Recorded data:
==============================

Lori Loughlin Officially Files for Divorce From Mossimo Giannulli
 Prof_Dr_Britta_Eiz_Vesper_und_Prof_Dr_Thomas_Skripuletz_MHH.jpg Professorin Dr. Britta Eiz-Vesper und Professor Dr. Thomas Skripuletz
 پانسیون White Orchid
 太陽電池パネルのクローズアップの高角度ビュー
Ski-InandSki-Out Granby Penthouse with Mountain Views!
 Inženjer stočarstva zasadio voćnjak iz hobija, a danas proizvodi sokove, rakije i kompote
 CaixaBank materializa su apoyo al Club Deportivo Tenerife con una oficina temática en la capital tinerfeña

==============================

Repeat the data exactly, with every line included.

Lori Loughlin Officially Files for Divorce From Mossimo Giannulli
 Prof_Dr_Britta_Eiz_Vesper_und_Prof_Dr_Thomas_Skripuletz_MHH.jpg Professorin Dr. Britta Eiz-Vesper und Professor Dr. Thomas Skripuletz
 پانسیون White Orchid
 太陽電池パネルのクローズアップの高角度ビュー
Ski-InandSki-Out Granby Penthouse with Mountain Views!
 Inženjer stočarstva zasadio voćnjak iz hobija, a danas proizvodi sokove, rakije i kompote
 CaixaBank materializa su apoyo al Club Deportivo Tenerife con una oficina temática en la capital tinerfeña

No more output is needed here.